Sette çalışmak için okullu mu yoksa alaylı mı olmak avantajlı?
Sette çalışmak için her şeyden önce işi sevmek gerekiyor. Eğitim de önemli. Ben sinema-televizyon mezunuyum ama hocalarımın çoğu Yeşilçam’dan gelmeydi. Atıf Yılmaz, Lütfi Akad… İşin entelektüeli olmakla beraber işin mutfağından gelen bu büyük ustalara ben de çıraklık yaptım. Biri diğerine tercih edilir gibi bir şey değil bence.
Bir söyleşinizde “Sanatın kendisi yalan, meslektaşlarımdan da nefret ediyorum, yalancı ve alçaklar” demişsiniz.

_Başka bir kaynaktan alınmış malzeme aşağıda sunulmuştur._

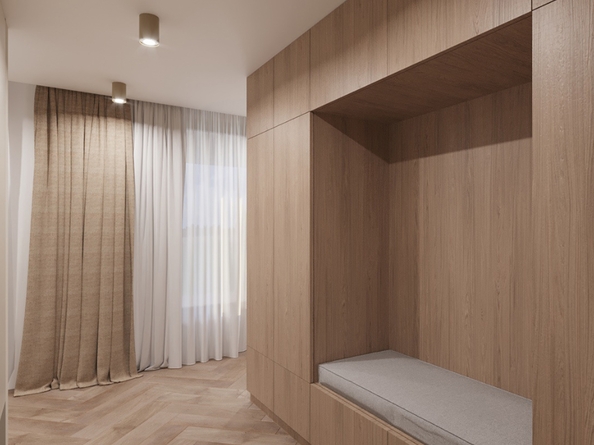 
  Продается студия 24.55 м², в ЖК ПРИТЯЖЕНИЕ, литер 3. Фото 6.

Hiç tepki almadınız mı?
Almadım ama bu konuya çok girmek istemiyorum. Tepki almaya da niyetim yok.
‘Yaptığımız işler yalan çünkü kurmaca yapıyoruz, hayalimizi perdeye yansıtıyoruz’ anlamında mı söylediniz? Merak ettim.
Bu konuya çok girmezsek sevinirim. Kendimden biliyorum. Kahkahalar…
İnanmadığım ve içime sinmeyen bir projeyi yapmam diyorsunuz. Çok para verseler de mi yapmazsınız?
Yapmam.
Peki İslam-i kesimden bir teklif gelse?
Valla benzeri bir şey çektim aslında. Müslüman cemaatlerde önemsenen ve sevilen biri olan Mustafa Kutlu’nun, ‘Mavi Kuş’ adlı hikayesini TRT için çektim. Almam gerekenin dörtte biri kadar bir paraya çalıştım ama çok keyifle yaptığım bir iş oldu. Hikaye ve senaryo yani anlattığı şey önemli.
Sormadan edemeyeceğim. Serdar Akar’la yollarınızın ayrılması görüş farklılığı oldu ise siz de sağ kesimden Mustafa Kutlu’nun hikayesini çektim dediniz…
Ben bunlara hiç girmek istemiyorum. Zaten haddime düşmez. Açıkçası beni çok ilgilendirmiyor bu konular. Yol ayrılığı oldu belki ama sebebi nedir, ne değildir bu konuya girmek istemiyorum. Bilmek de istemiyorum. Aslında bunun çok konuşulmasını istemiyorum. Serdar da istemiyor.
Neyse konuyu değiştirelim. Nur Yoldaş’ı çok severmişsiniz galiba…
Çok severim, daha doğrusu Ergüder Yoldaş’ı severim.
Başka var mı çok sevdiğiniz?
Çok müzisyen var aslında. Var tabii canım. Çok var.
Peki sevdiğiniz oyuncu ya da yönetmen?
Valla konum olarak böyle bir şey söylemek istemem.
Siz de bir şey söylemek istemiyorsunuz…
Ben biraz öyleyim zor konuşurum. Pozisyon olarak isim vermem doğru olmaz. Oyuncu sahneye geldiği zaman benim için dünyanın en iyi oyuncusudur.
Oyuncu olan oyuncular la mı çalışmayı tercih ediyorsunuz?
Yok. Fark etmez. Tabii bazen tercih sebebi olabilir ama kimi zaman da tersi daha iyi sonuçlar verebilir. Tiyatroda belki çok sırıtır ama sinemada çok fazla örneği var.
Yeni Sinemacılar olarak yeni proje var mı?
Birkaç tane var. Şu anda yazım aşamasında ama hangisi önce hayata geçer bilmiyorum. Görev dağılımının nasıl olacağı da belli değil.